Indeed, at the annual South By Southwest Interactive Festival in Austin this month, Barnes & Noble played the opportunist card to run the South By bookstore, the venue where every author presenting at the conference held signings and special appearances. No word yet on how much revenue the pop-up shop rang up. However, it was smart of B&N to grab the spotlight as the only book, CD, and DVD seller at the show, which had record attendance (nearly 40,000 registered).
Stockholders don't seem convinced, and heavy trading cut B&N's share prices nearly in half over the past three weeks, down to less than $10 -- well below B&N's offering price in 1993. What's a bigger concern is that B&N execs VP Development David Deason and CIO Christopher Troja unloaded 1,206 and 1,785 shares each on March 20, when the stock price was still at a record low of 8.89.
Riggio back in the owner's seat
If there are no takers, it may trigger a reclaiming of the company by its chairman and majority stakeholder Leonard Riggio. While he owns 17.9 million shares of Barnes & Noble stock -- 29.9 percent of the shares outstanding -- Riggio has more than a big financial investment at stake.
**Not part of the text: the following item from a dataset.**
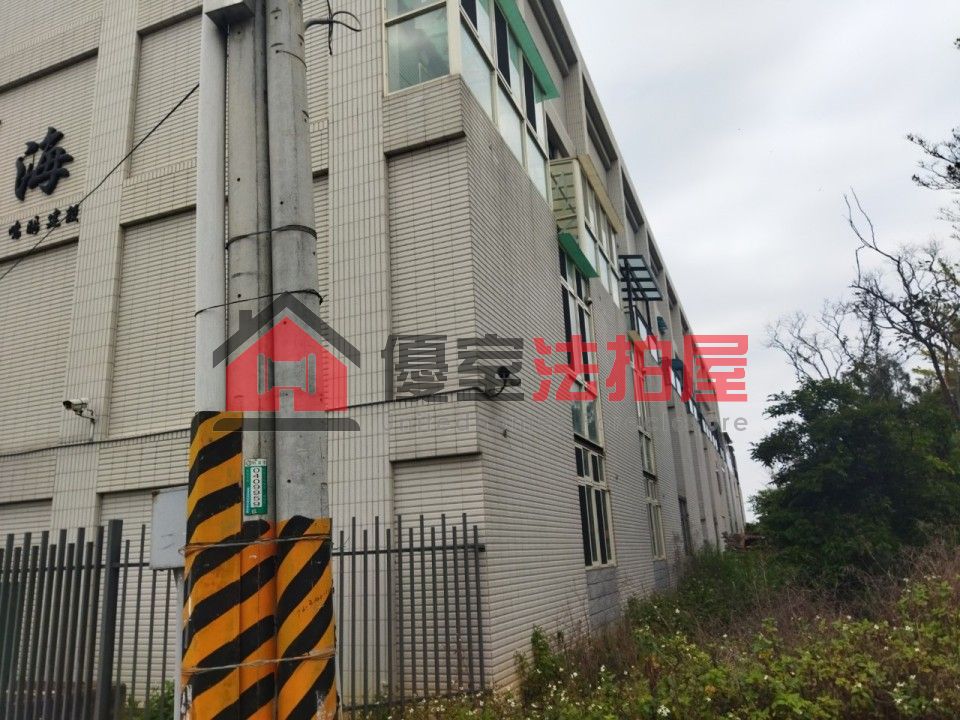Uhomes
As the company's founder, he's clocked nearly fifty years of his career growing the business from one original store in New York City into a Fortune 500 company that operates 720 bookstores and 637 college bookstores.
It had to be tough for Riggio to go public initially, but it was necessary given B&N's exponential growth (and subsequent debt load) thanks to rapid expansion and its development of superstores.
Even though B&N is a public company, Riggio's inexorable tie to the brand -- his family's business -- is palpable. Witness how hard he fought against billionaire investor Ron Burkle, who snapped up about 18 percent of the company last year and was looking for more. Riggio took the financial hit (and came out on top) when Burkle dragged that battle into court.
No matter who winds up in the owner's chair, one thing is for sure: as the country's largest brick-and-mortar bookseller, B&N needs to leverage its physical assets quickly in order to keep pace with its ever-burgeoning online sales.